- [SOURCE RECORDS]:

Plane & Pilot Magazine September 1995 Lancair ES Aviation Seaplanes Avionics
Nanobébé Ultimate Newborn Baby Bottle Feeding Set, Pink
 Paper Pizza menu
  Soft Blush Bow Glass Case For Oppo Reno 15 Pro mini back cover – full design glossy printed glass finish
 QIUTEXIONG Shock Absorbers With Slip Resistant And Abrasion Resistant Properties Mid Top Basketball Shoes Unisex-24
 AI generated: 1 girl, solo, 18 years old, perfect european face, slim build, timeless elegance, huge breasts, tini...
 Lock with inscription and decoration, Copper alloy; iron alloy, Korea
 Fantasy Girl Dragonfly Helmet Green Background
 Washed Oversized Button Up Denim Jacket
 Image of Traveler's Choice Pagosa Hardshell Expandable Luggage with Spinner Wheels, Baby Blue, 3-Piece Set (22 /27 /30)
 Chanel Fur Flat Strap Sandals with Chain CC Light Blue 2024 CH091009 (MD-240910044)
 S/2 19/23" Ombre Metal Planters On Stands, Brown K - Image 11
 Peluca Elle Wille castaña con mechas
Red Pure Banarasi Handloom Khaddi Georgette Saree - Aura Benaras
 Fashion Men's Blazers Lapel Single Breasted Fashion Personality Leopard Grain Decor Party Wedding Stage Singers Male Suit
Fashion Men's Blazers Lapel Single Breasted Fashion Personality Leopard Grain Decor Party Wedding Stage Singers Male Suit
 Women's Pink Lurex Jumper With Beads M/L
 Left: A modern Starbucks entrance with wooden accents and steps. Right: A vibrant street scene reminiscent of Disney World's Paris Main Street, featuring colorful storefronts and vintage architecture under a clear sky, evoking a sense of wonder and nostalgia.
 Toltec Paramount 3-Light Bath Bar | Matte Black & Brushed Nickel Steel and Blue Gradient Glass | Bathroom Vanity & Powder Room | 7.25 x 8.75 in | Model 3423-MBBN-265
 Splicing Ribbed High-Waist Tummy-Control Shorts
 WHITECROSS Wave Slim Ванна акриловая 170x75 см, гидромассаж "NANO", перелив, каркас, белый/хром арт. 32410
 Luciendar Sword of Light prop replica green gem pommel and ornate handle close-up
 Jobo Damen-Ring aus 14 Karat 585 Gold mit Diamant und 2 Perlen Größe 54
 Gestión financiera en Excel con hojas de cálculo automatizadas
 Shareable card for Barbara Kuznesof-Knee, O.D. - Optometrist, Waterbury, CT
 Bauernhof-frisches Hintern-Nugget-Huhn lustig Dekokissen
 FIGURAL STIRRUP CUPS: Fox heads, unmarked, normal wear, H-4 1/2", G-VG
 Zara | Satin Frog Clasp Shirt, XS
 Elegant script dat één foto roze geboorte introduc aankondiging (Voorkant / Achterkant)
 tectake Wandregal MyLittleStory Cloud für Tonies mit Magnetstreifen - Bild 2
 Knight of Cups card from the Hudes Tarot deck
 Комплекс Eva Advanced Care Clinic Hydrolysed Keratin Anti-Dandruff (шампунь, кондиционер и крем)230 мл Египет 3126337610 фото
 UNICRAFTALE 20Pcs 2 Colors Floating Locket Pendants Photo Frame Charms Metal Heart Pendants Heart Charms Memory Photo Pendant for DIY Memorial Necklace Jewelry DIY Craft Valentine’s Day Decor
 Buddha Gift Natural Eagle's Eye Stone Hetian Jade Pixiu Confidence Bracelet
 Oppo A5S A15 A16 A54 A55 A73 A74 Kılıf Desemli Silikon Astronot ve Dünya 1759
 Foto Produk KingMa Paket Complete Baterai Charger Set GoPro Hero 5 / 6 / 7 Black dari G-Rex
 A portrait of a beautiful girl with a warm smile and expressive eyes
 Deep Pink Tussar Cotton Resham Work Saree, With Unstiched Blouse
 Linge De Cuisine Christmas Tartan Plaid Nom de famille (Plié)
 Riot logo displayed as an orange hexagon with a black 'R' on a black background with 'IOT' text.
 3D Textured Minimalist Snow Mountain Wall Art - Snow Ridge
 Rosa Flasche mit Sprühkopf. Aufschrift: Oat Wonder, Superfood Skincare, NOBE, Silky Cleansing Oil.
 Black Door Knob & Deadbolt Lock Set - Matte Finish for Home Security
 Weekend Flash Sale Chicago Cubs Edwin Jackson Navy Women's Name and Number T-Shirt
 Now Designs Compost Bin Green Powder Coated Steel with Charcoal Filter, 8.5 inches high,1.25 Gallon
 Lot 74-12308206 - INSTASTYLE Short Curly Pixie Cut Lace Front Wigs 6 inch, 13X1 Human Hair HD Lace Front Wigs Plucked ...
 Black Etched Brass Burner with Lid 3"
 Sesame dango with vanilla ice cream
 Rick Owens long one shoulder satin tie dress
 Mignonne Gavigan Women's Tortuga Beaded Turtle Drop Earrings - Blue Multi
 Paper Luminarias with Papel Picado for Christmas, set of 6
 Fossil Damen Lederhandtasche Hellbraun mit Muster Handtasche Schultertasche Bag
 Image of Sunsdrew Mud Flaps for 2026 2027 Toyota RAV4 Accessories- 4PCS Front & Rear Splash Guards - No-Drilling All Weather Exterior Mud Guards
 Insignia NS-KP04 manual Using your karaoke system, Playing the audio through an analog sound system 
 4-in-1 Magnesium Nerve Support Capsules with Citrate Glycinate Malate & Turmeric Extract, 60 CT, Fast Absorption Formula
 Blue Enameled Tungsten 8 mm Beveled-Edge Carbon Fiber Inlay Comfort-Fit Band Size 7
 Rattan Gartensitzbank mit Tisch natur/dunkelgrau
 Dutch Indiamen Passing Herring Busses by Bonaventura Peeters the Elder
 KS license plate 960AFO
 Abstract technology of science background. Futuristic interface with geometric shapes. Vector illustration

- [WHAT NEEDS TO BE DONE]:
Print exactly the lines of the listing above starting at the line containing "AI generated: 1" and ending at the line containing "Peluca Elle Wille castaña con mechas", both included.

- [EXERCISE SOLUTION]:
 AI generated: 1 girl, solo, 18 years old, perfect european face, slim build, timeless elegance, huge breasts, tini...
 Lock with inscription and decoration, Copper alloy; iron alloy, Korea
 Fantasy Girl Dragonfly Helmet Green Background
 Washed Oversized Button Up Denim Jacket
 Image of Traveler's Choice Pagosa Hardshell Expandable Luggage with Spinner Wheels, Baby Blue, 3-Piece Set (22 /27 /30)
 Chanel Fur Flat Strap Sandals with Chain CC Light Blue 2024 CH091009 (MD-240910044)
 S/2 19/23" Ombre Metal Planters On Stands, Brown K - Image 11
 Peluca Elle Wille castaña con mechas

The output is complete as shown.